▶ [Source data]:

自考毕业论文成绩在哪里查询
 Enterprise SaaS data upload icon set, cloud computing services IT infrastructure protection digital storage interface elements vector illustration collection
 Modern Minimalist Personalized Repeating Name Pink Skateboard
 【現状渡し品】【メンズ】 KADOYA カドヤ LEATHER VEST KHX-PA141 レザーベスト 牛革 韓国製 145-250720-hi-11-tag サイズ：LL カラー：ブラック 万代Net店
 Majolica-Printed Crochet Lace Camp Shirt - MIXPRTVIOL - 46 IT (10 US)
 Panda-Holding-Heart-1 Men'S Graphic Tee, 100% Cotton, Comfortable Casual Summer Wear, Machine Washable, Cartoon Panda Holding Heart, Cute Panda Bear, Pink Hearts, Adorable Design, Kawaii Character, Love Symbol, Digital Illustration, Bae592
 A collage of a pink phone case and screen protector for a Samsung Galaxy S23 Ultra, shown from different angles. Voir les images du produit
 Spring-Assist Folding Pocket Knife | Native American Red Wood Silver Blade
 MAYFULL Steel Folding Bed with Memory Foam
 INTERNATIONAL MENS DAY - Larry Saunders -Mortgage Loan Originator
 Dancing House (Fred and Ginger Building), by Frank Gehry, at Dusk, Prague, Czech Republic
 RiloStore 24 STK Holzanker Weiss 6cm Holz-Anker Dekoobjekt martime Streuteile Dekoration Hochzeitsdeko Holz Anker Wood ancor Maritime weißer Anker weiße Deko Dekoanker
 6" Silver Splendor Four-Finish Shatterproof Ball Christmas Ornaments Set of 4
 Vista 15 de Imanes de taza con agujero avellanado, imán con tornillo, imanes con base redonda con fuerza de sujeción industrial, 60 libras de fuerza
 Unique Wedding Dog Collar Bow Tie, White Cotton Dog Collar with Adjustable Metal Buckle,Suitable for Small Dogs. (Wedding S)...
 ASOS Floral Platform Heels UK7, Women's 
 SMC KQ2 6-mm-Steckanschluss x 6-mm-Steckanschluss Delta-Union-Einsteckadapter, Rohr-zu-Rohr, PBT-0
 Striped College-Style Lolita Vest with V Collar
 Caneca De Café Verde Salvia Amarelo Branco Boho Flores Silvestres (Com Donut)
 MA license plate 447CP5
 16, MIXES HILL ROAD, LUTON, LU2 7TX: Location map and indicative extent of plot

▶ [Task objective]:
Please restate every record shown above, word for word.

▶ [Written response]:
自考毕业论文成绩在哪里查询
 Enterprise SaaS data upload icon set, cloud computing services IT infrastructure protection digital storage interface elements vector illustration collection
 Modern Minimalist Personalized Repeating Name Pink Skateboard
 【現状渡し品】【メンズ】 KADOYA カドヤ LEATHER VEST KHX-PA141 レザーベスト 牛革 韓国製 145-250720-hi-11-tag サイズ：LL カラー：ブラック 万代Net店
 Majolica-Printed Crochet Lace Camp Shirt - MIXPRTVIOL - 46 IT (10 US)
 Panda-Holding-Heart-1 Men'S Graphic Tee, 100% Cotton, Comfortable Casual Summer Wear, Machine Washable, Cartoon Panda Holding Heart, Cute Panda Bear, Pink Hearts, Adorable Design, Kawaii Character, Love Symbol, Digital Illustration, Bae592
 A collage of a pink phone case and screen protector for a Samsung Galaxy S23 Ultra, shown from different angles. Voir les images du produit
 Spring-Assist Folding Pocket Knife | Native American Red Wood Silver Blade
 MAYFULL Steel Folding Bed with Memory Foam
 INTERNATIONAL MENS DAY - Larry Saunders -Mortgage Loan Originator
 Dancing House (Fred and Ginger Building), by Frank Gehry, at Dusk, Prague, Czech Republic
 RiloStore 24 STK Holzanker Weiss 6cm Holz-Anker Dekoobjekt martime Streuteile Dekoration Hochzeitsdeko Holz Anker Wood ancor Maritime weißer Anker weiße Deko Dekoanker
 6" Silver Splendor Four-Finish Shatterproof Ball Christmas Ornaments Set of 4
 Vista 15 de Imanes de taza con agujero avellanado, imán con tornillo, imanes con base redonda con fuerza de sujeción industrial, 60 libras de fuerza
 Unique Wedding Dog Collar Bow Tie, White Cotton Dog Collar with Adjustable Metal Buckle,Suitable for Small Dogs. (Wedding S)...
 ASOS Floral Platform Heels UK7, Women's 
 SMC KQ2 6-mm-Steckanschluss x 6-mm-Steckanschluss Delta-Union-Einsteckadapter, Rohr-zu-Rohr, PBT-0
 Striped College-Style Lolita Vest with V Collar
 Caneca De Café Verde Salvia Amarelo Branco Boho Flores Silvestres (Com Donut)
 MA license plate 447CP5
 16, MIXES HILL ROAD, LUTON, LU2 7TX: Location map and indicative extent of plot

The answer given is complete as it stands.